### COLLECTED MATERIAL
----------

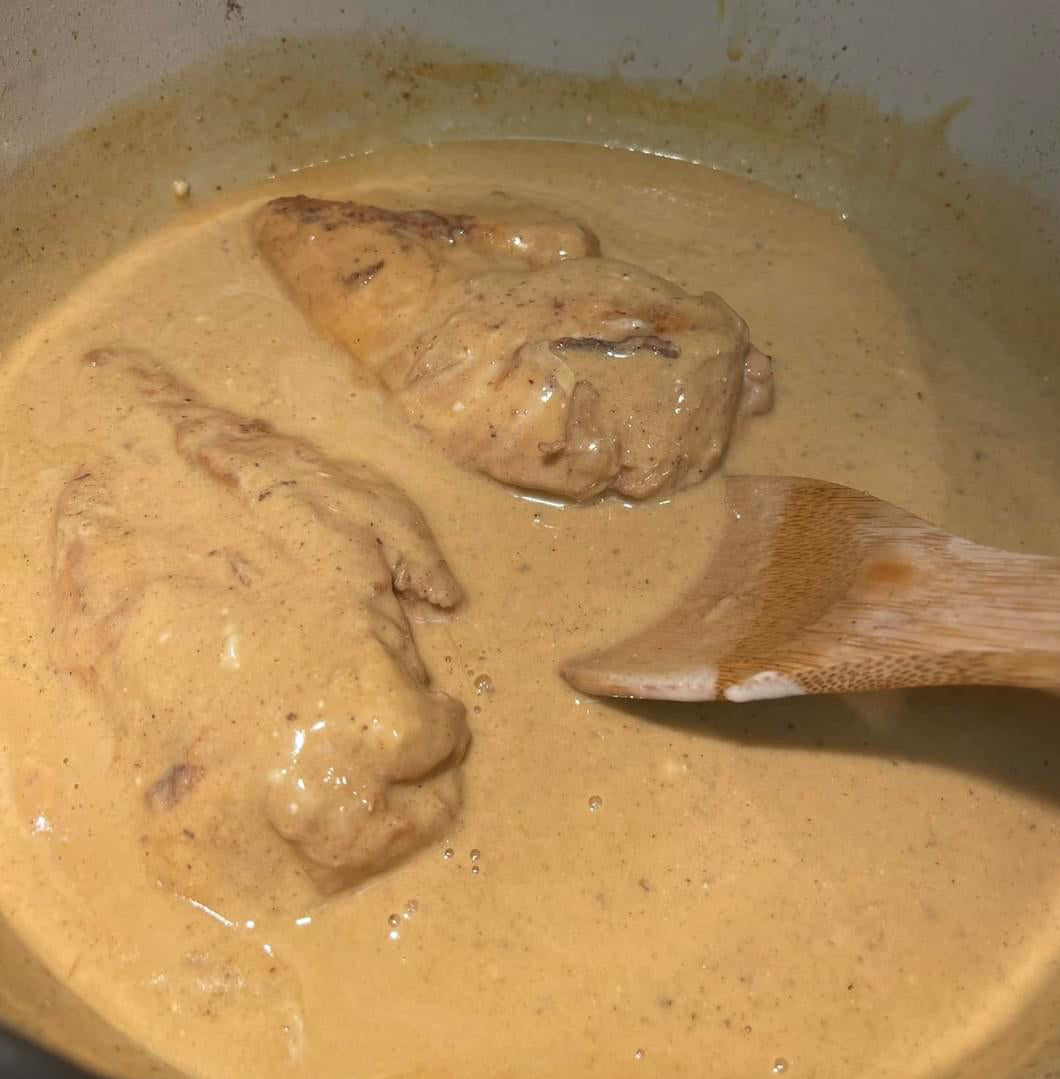 Chickn Paprikash (Csirke Paprikás)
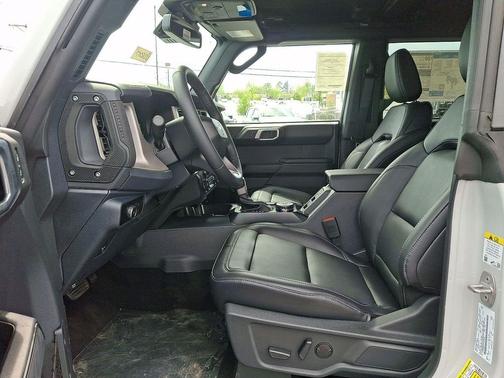 Avalanche Gray 2026 Ford Bronco Outer Banks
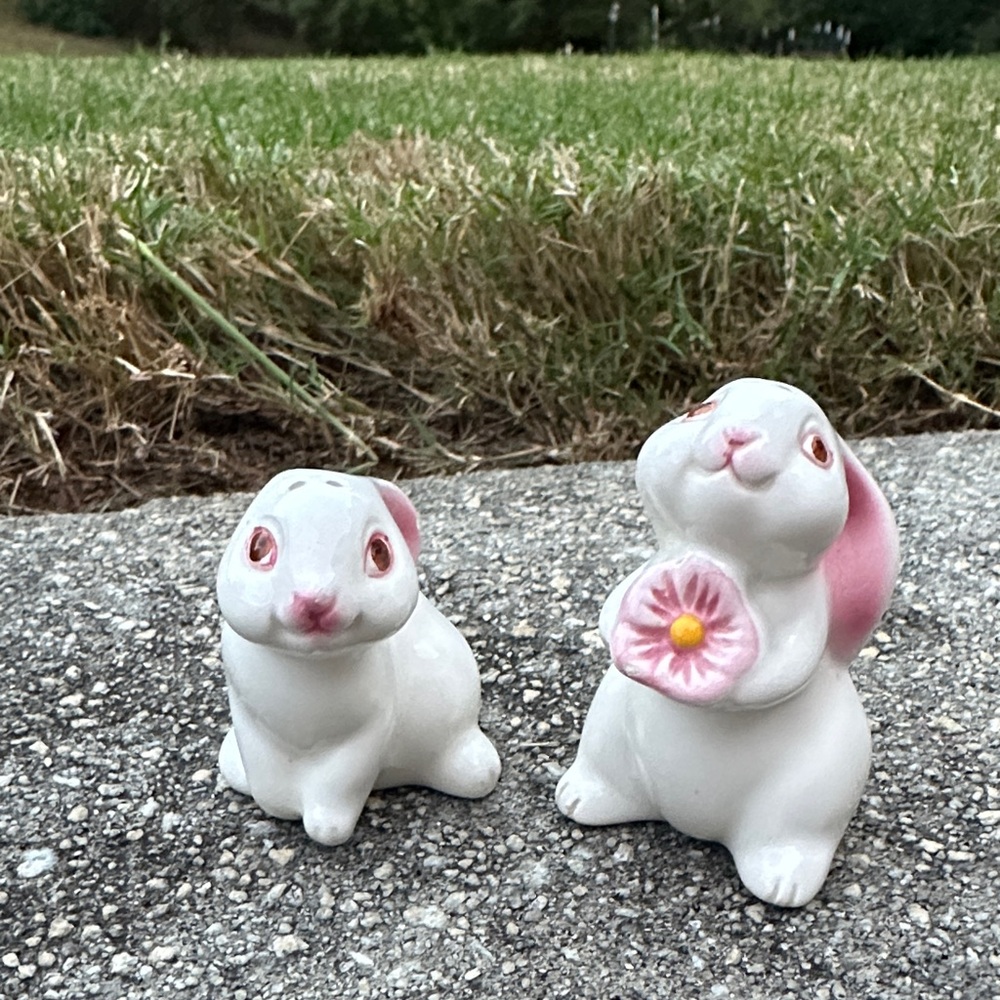 Avon Porcelain Bunny Salt and Pepper Shaker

----------

### TASK
Nothing but the pictures is to be left out; the rest of the listing should be copied exactly.

### SOLUTION FOR THIS TASK
 Chickn Paprikash (Csirke Paprikás)
 Avalanche Gray 2026 Ford Bronco Outer Banks
 Avon Porcelain Bunny Salt and Pepper Shaker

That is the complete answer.